Work to complete –
Write the data out again, exactly as given.

Extracted data entries –

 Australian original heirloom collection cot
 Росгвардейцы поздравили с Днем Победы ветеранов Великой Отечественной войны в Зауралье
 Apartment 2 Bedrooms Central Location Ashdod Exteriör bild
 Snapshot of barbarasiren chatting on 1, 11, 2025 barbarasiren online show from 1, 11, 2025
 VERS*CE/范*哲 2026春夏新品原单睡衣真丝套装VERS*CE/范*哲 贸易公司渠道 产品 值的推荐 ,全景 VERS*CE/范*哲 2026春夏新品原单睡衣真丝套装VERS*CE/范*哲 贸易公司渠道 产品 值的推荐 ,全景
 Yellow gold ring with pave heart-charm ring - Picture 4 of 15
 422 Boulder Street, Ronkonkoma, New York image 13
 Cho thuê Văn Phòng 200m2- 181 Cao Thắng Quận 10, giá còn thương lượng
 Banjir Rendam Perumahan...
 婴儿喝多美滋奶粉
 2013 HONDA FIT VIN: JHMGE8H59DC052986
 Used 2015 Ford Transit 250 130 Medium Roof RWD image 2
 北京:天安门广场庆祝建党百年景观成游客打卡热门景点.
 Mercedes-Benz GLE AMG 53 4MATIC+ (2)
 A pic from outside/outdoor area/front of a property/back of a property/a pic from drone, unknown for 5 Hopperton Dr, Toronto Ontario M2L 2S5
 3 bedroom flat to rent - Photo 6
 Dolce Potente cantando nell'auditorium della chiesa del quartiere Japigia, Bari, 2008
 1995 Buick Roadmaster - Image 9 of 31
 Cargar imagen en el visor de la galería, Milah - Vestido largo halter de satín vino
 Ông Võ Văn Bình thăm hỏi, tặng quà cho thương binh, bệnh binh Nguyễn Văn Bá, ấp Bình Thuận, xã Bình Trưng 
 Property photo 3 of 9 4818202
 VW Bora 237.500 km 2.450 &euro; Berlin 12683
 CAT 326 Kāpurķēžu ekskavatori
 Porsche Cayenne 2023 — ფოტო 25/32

Result –
 Australian original heirloom collection cot
 Росгвардейцы поздравили с Днем Победы ветеранов Великой Отечественной войны в Зауралье
 Apartment 2 Bedrooms Central Location Ashdod Exteriör bild
 Snapshot of barbarasiren chatting on 1, 11, 2025 barbarasiren online show from 1, 11, 2025
 VERS*CE/范*哲 2026春夏新品原单睡衣真丝套装VERS*CE/范*哲 贸易公司渠道 产品 值的推荐 ,全景 VERS*CE/范*哲 2026春夏新品原单睡衣真丝套装VERS*CE/范*哲 贸易公司渠道 产品 值的推荐 ,全景
 Yellow gold ring with pave heart-charm ring - Picture 4 of 15
 422 Boulder Street, Ronkonkoma, New York image 13
 Cho thuê Văn Phòng 200m2- 181 Cao Thắng Quận 10, giá còn thương lượng
 Banjir Rendam Perumahan...
 婴儿喝多美滋奶粉
 2013 HONDA FIT VIN: JHMGE8H59DC052986
 Used 2015 Ford Transit 250 130 Medium Roof RWD image 2
 北京:天安门广场庆祝建党百年景观成游客打卡热门景点.
 Mercedes-Benz GLE AMG 53 4MATIC+ (2)
 A pic from outside/outdoor area/front of a property/back of a property/a pic from drone, unknown for 5 Hopperton Dr, Toronto Ontario M2L 2S5
 3 bedroom flat to rent - Photo 6
 Dolce Potente cantando nell'auditorium della chiesa del quartiere Japigia, Bari, 2008
 1995 Buick Roadmaster - Image 9 of 31
 Cargar imagen en el visor de la galería, Milah - Vestido largo halter de satín vino
 Ông Võ Văn Bình thăm hỏi, tặng quà cho thương binh, bệnh binh Nguyễn Văn Bá, ấp Bình Thuận, xã Bình Trưng 
 Property photo 3 of 9 4818202
 VW Bora 237.500 km 2.450 &euro; Berlin 12683
 CAT 326 Kāpurķēžu ekskavatori
 Porsche Cayenne 2023 — ფოტო 25/32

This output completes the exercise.